Adult passengers, however, sometimes disregard the sign, and it is possible that one of them may have pulled open the top half of the split vestibule door to get some fresh air. Danny couldn’t have unlocked the bottom half of the door because he would have had to twist a heavy steel handle inside the vestibule and a similar door handle on the outside of the train.
Nevertheless, it would have been possible for Danny to step onto the red box stool usually kept beside each door; to put his other foot on the interior handle, and to be flung out while he was leaning over the open top-window half of the door.
There were no curves in the stretch of track where he tumbled, but the sheer momentum of the speeding train might have catapulted him down the embankment.

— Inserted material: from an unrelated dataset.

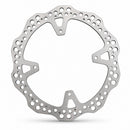 Disco de Freio Traseiro 220mm Honda CRF / XR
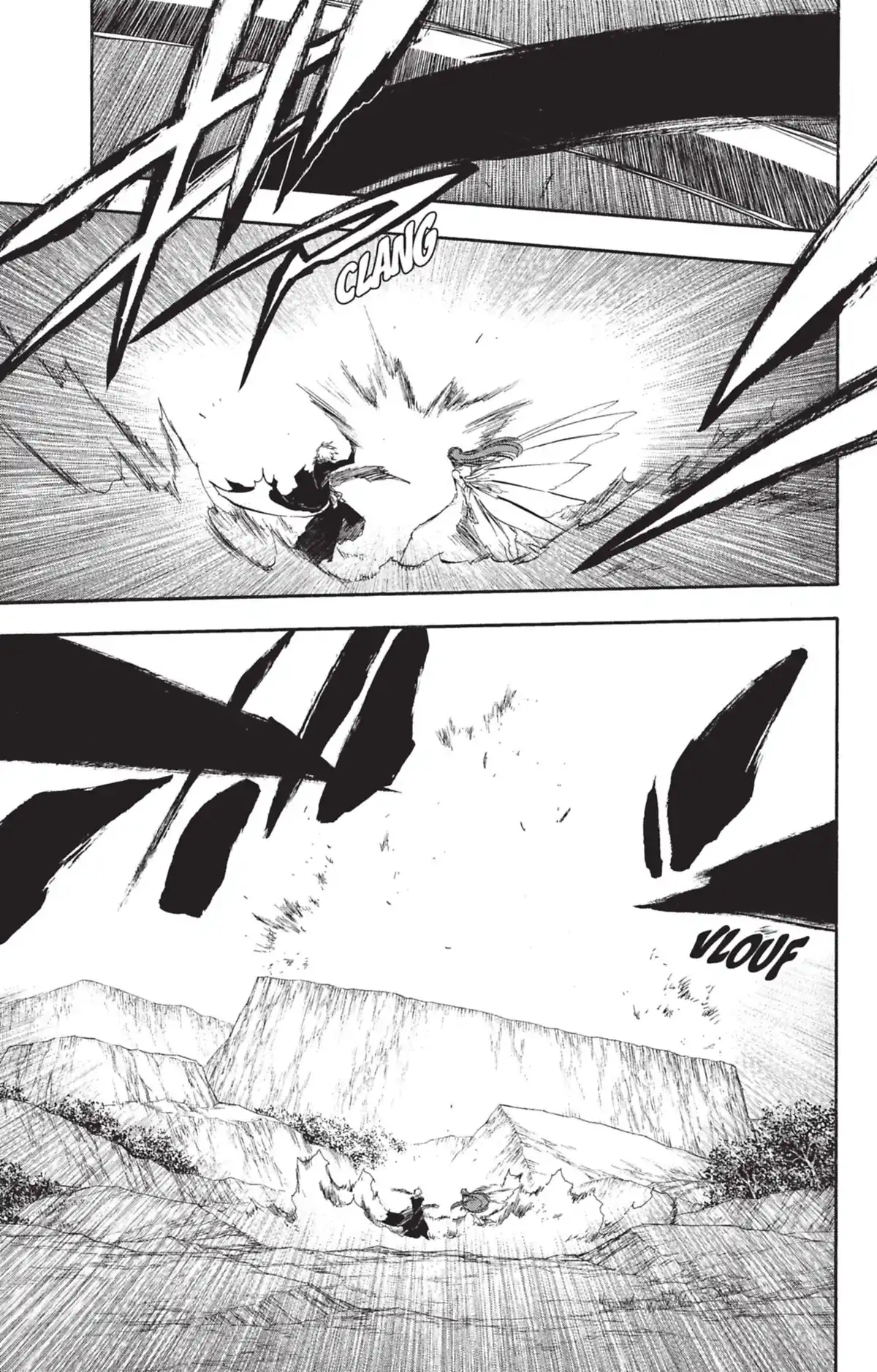 Bleach Volume 48 page 93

Narrowly missing a few nasty boulders, he was lucky enough to land on a soft clay spot. He was luckier still to cushion possible concussions by rolling right into the pillow of grass and weeds, where he evidently lay unconscious and protected from the elements until discovered.
But all this is surmise, for the sole witness to the accident is not talking. Not that Danny doesn’t recognize the source of his flight through the air. As a gift, somebody presented him with a toy passenger train, The ABC Toyland Express, which whistled Whoo! Whoo! Whoo! with the turn of a key.
At first, Danny was enchanted with the plaything, and showed it off to the little Indian boy named Gus who shared the cot next to him at the Sioux Lookout hospital. But the next time the Towers visited their son, he had given the toy away to his Ojibway neighbor and would have nothing to do with it.
“What’s the matter, Danny?” asked Faye Tower. The Miracle Boy of Sioux Lookout pointed to the bandages that shrouded his scalp. “Shoo-shoo train cut Danny’s head,” he said.